Short web captions
########################################

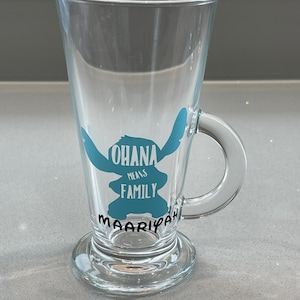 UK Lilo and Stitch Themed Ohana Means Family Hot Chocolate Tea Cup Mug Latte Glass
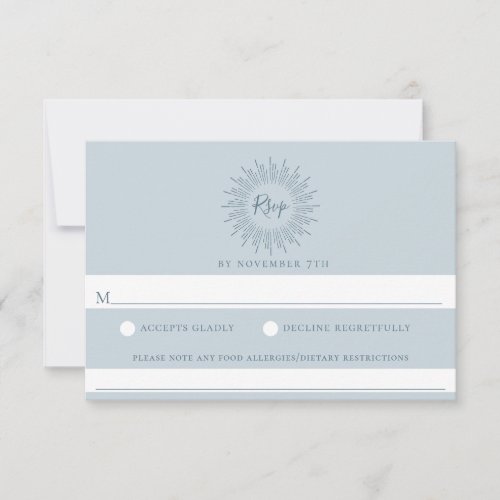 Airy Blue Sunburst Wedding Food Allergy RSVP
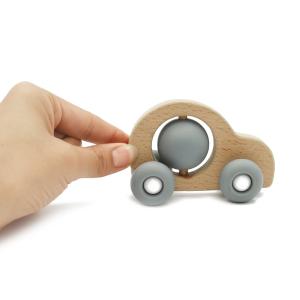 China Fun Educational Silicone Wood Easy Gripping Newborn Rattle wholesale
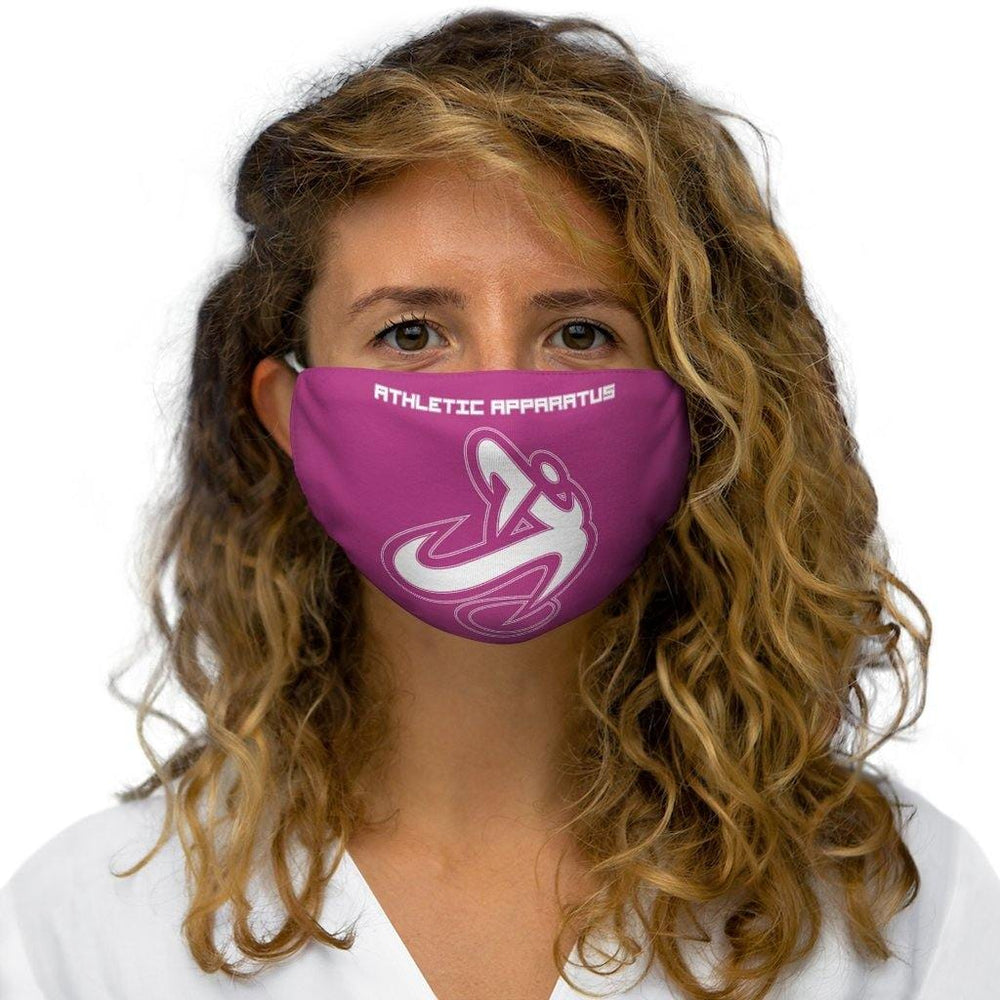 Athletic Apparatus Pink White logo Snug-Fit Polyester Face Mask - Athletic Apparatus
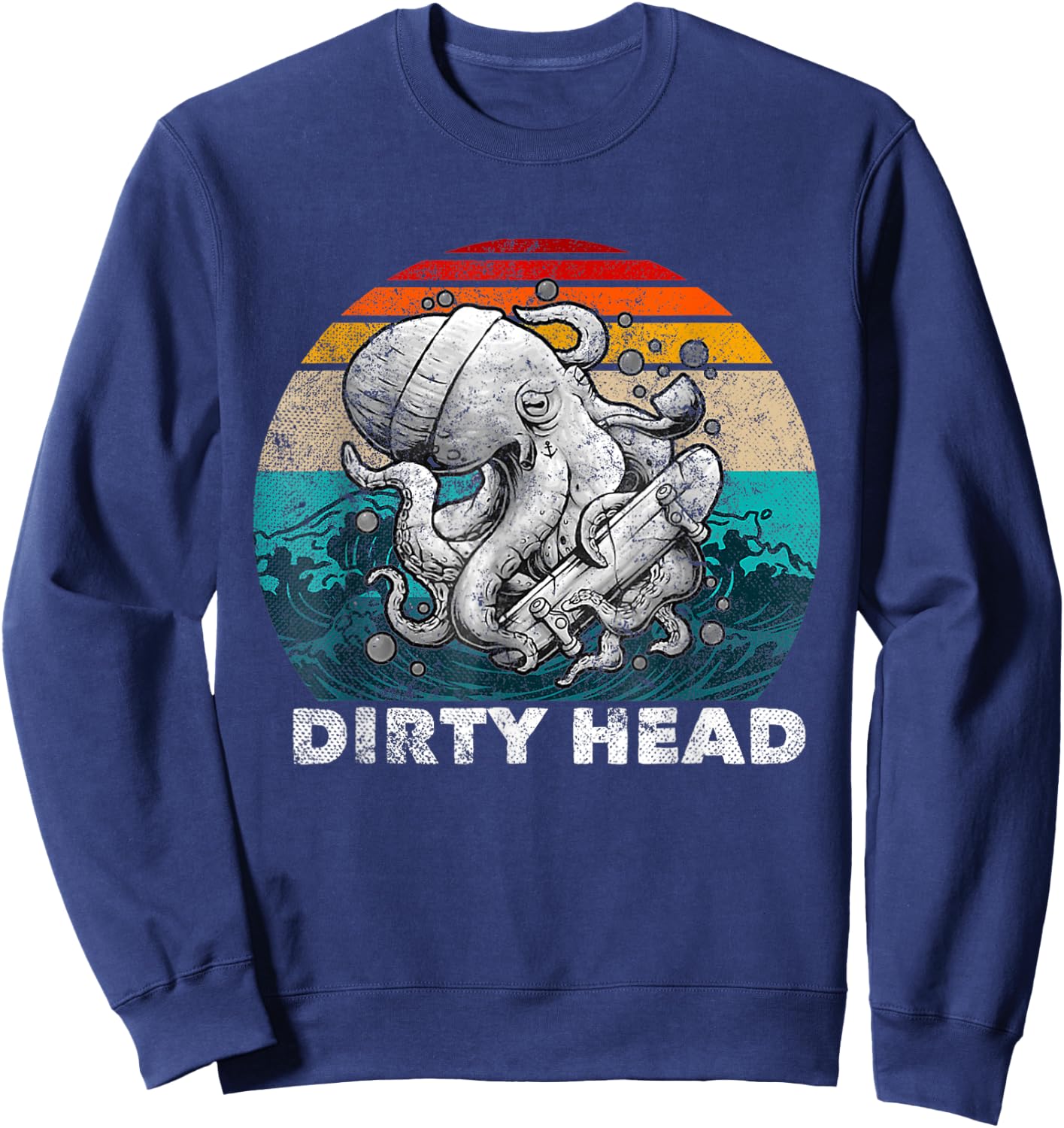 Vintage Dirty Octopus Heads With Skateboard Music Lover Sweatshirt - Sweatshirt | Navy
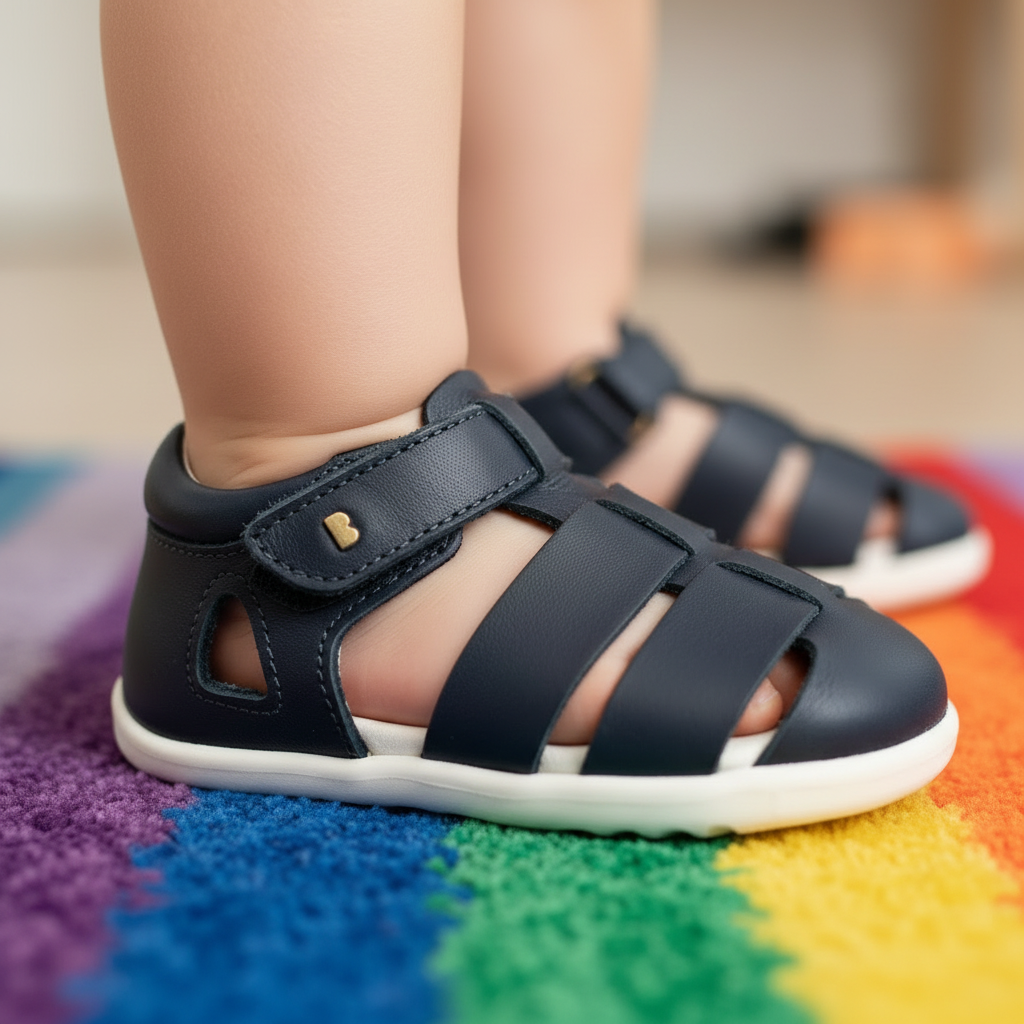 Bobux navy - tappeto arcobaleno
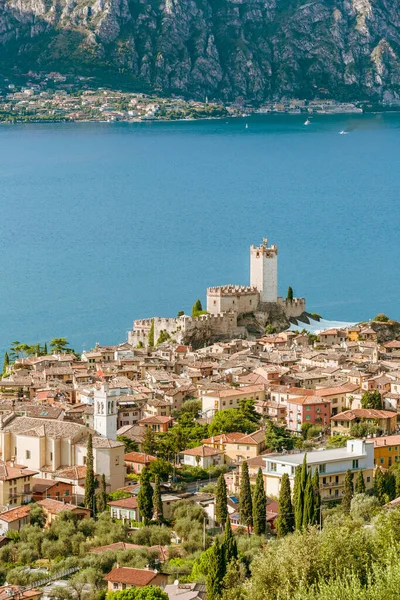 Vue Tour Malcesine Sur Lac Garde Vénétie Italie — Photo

########################################

Word for word, restate all of the entries above and leave each picture out.

 UK Lilo and Stitch Themed Ohana Means Family Hot Chocolate Tea Cup Mug Latte Glass
 Airy Blue Sunburst Wedding Food Allergy RSVP
 China Fun Educational Silicone Wood Easy Gripping Newborn Rattle wholesale
 Athletic Apparatus Pink White logo Snug-Fit Polyester Face Mask - Athletic Apparatus
 Vintage Dirty Octopus Heads With Skateboard Music Lover Sweatshirt - Sweatshirt | Navy
 Bobux navy - tappeto arcobaleno
 Vue Tour Malcesine Sur Lac Garde Vénétie Italie — Photo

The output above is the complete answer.